Bowl America's P/E tells us that market participants think its prospects are roughly in line with its industry. So if Bowl America actually outperforms its peers going forward, that should be a positive for the share price. I would further inform my view by checking insider buying and selling., among other things.
How Growth Rates Impact P/E Ratios
P/E ratios primarily reflect market expectations around earnings growth rates. Earnings growth means that in the future the 'E' will be higher. That means even if the current P/E is high, it will reduce over time if the share price stays flat. Then, a lower P/E should attract more buyers, pushing the share price up.
Bowl America saw earnings per share decrease by 28% last year. But EPS is up 16% over the last 5 years.
Remember: P/E Ratios Don't Consider The Balance Sheet
It's important to note that the P/E ratio considers the market capitalization, not the enterprise value. Thus, the metric does not reflect cash or debt held by the company. The exact same company would hypothetically deserve a higher P/E ratio if it had a strong balance sheet, than if it had a weak one with lots of debt, because a cashed up company can spend on growth.
Such expenditure might be good or bad, in the long term, but the point here is that the balance sheet is not reflected by this ratio.
Is Debt Impacting Bowl America's P/E?
Bowl America has net cash of US$7.7m. This is fairly high at 10% of its market capitalization. That might mean balance sheet strength is important to the business, but should also help push the P/E a bit higher than it would otherwise be.
The Bottom Line On Bowl America's P/E Ratio
Bowl America's P/E is 26.6 which is above average (18.6) in its market. The recent drop in earnings per share might keep value investors away, but the relatively strong balance sheet will allow the company time to invest in growth. Clearly, the high P/E indicates shareholders think it will! What can be absolutely certain is that the market has become less optimistic about Bowl America over the last month, with the P/E ratio falling from 26.6 back then to 26.6 today. For those who don't like to trade against momentum, that could be a warning sign, but a contrarian investor might want to take a closer look.
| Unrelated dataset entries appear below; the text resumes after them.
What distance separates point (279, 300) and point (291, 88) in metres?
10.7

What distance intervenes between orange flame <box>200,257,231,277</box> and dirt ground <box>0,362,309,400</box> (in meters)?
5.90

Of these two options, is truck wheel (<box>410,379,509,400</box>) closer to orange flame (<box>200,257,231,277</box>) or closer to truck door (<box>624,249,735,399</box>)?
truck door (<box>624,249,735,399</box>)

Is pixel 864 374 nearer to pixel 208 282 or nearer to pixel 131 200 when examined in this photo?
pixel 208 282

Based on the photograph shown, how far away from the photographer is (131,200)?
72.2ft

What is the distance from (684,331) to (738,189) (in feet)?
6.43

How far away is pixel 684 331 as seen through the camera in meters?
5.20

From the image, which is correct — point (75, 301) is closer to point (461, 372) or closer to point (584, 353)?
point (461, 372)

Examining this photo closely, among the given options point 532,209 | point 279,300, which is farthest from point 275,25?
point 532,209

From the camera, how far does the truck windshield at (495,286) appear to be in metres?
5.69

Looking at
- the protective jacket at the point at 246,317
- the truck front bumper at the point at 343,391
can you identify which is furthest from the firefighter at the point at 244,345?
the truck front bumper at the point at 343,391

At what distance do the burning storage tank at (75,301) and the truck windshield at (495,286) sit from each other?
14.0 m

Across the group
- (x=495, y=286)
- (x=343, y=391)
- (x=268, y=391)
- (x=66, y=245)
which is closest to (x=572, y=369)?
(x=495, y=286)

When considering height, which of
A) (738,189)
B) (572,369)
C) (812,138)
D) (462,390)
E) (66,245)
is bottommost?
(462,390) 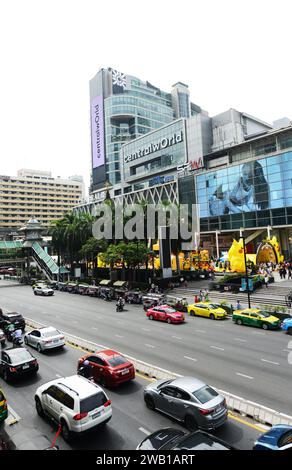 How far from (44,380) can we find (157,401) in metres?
6.37

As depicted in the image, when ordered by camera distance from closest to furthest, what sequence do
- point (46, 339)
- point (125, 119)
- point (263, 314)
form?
point (46, 339)
point (263, 314)
point (125, 119)

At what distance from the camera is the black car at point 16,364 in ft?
49.7

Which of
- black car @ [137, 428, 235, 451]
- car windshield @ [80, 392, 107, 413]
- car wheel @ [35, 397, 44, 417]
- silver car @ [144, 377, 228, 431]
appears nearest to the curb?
silver car @ [144, 377, 228, 431]

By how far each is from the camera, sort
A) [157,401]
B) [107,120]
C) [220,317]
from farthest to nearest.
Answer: [107,120]
[220,317]
[157,401]

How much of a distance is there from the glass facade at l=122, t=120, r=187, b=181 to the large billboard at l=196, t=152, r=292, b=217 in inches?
930

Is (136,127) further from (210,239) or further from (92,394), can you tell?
(92,394)

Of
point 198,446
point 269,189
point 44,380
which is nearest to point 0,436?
point 44,380

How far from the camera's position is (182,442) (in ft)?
26.7

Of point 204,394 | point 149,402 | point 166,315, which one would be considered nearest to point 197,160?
point 166,315

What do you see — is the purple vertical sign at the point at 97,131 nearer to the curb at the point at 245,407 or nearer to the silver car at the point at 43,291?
the silver car at the point at 43,291

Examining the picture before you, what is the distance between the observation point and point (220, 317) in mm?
28234

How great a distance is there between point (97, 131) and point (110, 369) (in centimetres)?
13590

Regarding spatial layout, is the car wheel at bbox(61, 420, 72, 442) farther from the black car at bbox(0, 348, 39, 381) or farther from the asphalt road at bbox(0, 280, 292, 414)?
the asphalt road at bbox(0, 280, 292, 414) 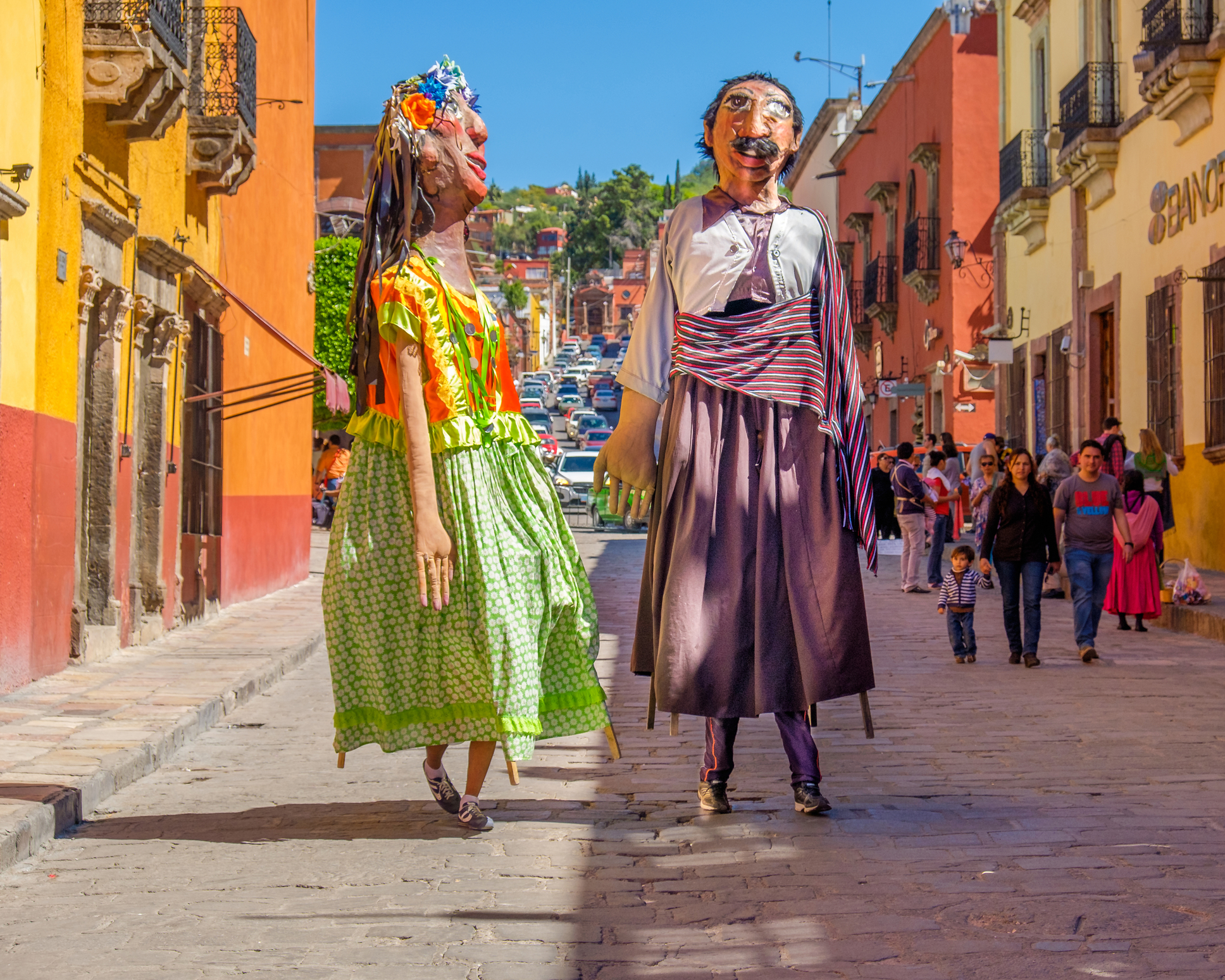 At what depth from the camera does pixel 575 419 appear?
230ft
Investors have an opportunity when market expectations about a stock are wrong. People often underestimate remarkable growth -- so investors can make money when fast growth is not fully appreciated. We don't have analyst forecasts, but shareholders might want to examine this detailed historical graph of earnings, revenue and cash flow.
Of course, you might find a fantastic investment by looking at a few good candidates. So take a peek at this free list of companies with modest (or no) debt, trading on a P/E below 20.
If you spot an error that warrants correction, please contact the editor at firstname.lastname@example.org. This article by Simply Wall St is general in nature. It does not constitute a recommendation to buy or sell any stock, and does not take account of your objectives, or your financial situation. Simply Wall St has no position in the stocks mentioned.